[DOCS] Edited documentation for ML categorization_analyzer (elastic/x-pack-elasticsearch#3587)

Original commit: elastic/x-pack-elasticsearch@6dd179107a
2025-03-25 17:38:44 +00:00 · 2018-01-17 13:11:36 -08:00 · 2018-01-17 13:11:36 -08:00 · 9f6064f9ac
commit 9f6064f9ac
parent 60d4b7e53e
3 changed files with 98 additions and 82 deletions
--- a/docs/en/ml/categories.asciidoc
+++ b/docs/en/ml/categories.asciidoc
@ -13,10 +13,6 @@ example:
 You can use {ml} to observe the static parts of the message, cluster similar
 messages together, and classify them into message categories.

-NOTE: Categorization uses English tokenization rules and dictionary words in
-order to identify log message categories. As such, only English language log
-messages are supported.
-
 The {ml} model learns what volume and pattern is normal for each category over
 time. You can then detect anomalies and surface rare events or unusual types of
 messages by using count or rare functions. For example:
@ -79,8 +75,17 @@ image::images/ml-category-advanced.jpg["Advanced job configuration options relat
 NOTE: To add the `categorization_examples_limit` property, you must use the
 **Edit JSON** tab and copy the `analysis_limits` object from the API example.

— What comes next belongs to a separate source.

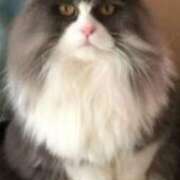 ヒメ日記 2025/06/30 17:31 投稿 こう 大奥 梅田店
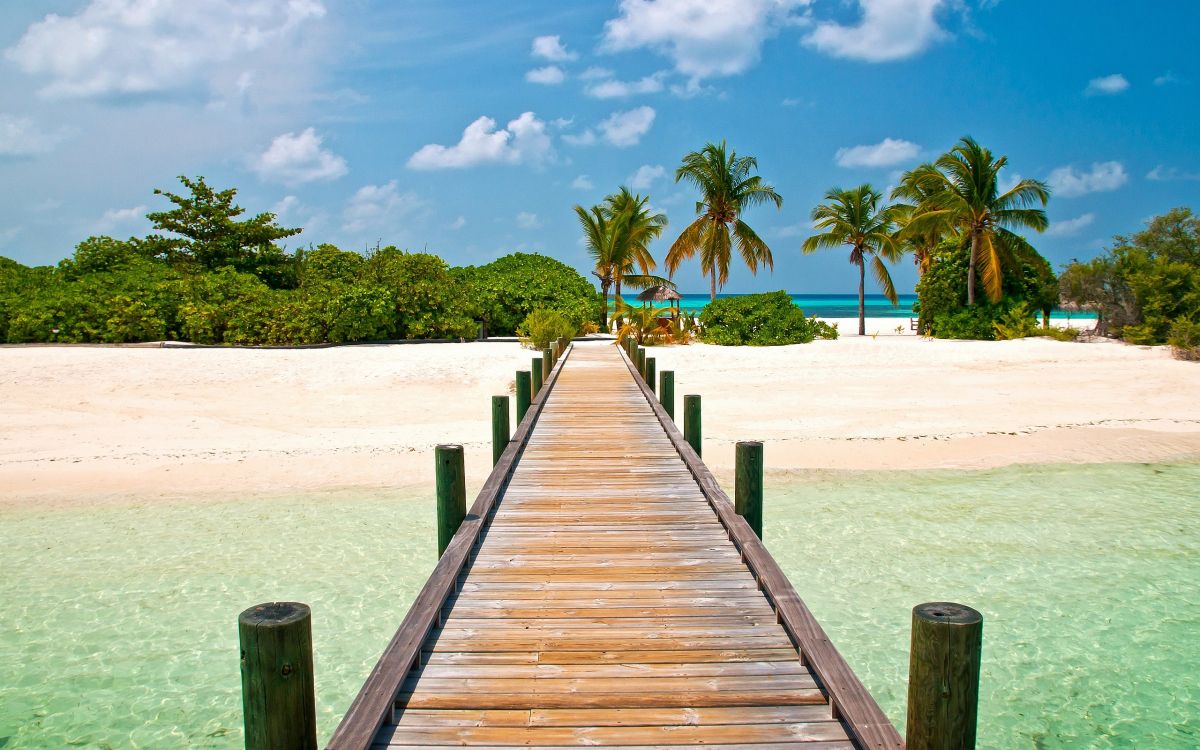 Обои пляж пирс, пляж, море, тропическая зона, дерево в разрешении 2560x1600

-It is possible to customize the way the categorization field values are interpreted
-to an even greater extent:
+[float]
+[[ml-configuring-analyzer]]
+==== Customizing the Categorization Analyzer
+
+Categorization uses English dictionary words to identify log message categories.
+By default, it also uses English tokenization rules. For this reason, if you use
+the default categorization analyzer, only English language log messages are
+supported, as described in the <<ml-limitations>>.
+
+You can, however, change the tokenization rules by customizing the way the
+categorization field values are interpreted. For example:

 [source,js]
 ----------------------------------
@ -126,20 +131,20 @@ PUT _xpack/ml/anomaly_detectors/it_ops_new_logs2
 here achieves exactly the same as the `categorization_filters` in the first
 example.
 <2> The `ml_classic` tokenizer works like the non-customizable tokenization
-that was used for categorization in older versions of machine learning. Use
-it if you want the same categorization behavior as older versions.
-<3> English day/month words are filtered by default from log messages
-before categorization. If your logs are in a different language and contain
-dates then you may get better results by filtering day/month words in your
+that was used for categorization in older versions of machine learning. If you
+want the same categorization behavior as older versions, use this property value.
+<3> By default, English day or month words are filtered from log messages before
+categorization. If your logs are in a different language and contain
+dates, you might get better results by filtering the day or month words in your
 language.

 The optional `categorization_analyzer` property allows even greater customization
 of how categorization interprets the categorization field value. It can refer to
-a built-in Elasticsearch analyzer, or a combination of zero or more character
-filters, a tokenizer, and zero or more token filters.
+a built-in {es} analyzer or a combination of zero or more character filters,
+a tokenizer, and zero or more token filters.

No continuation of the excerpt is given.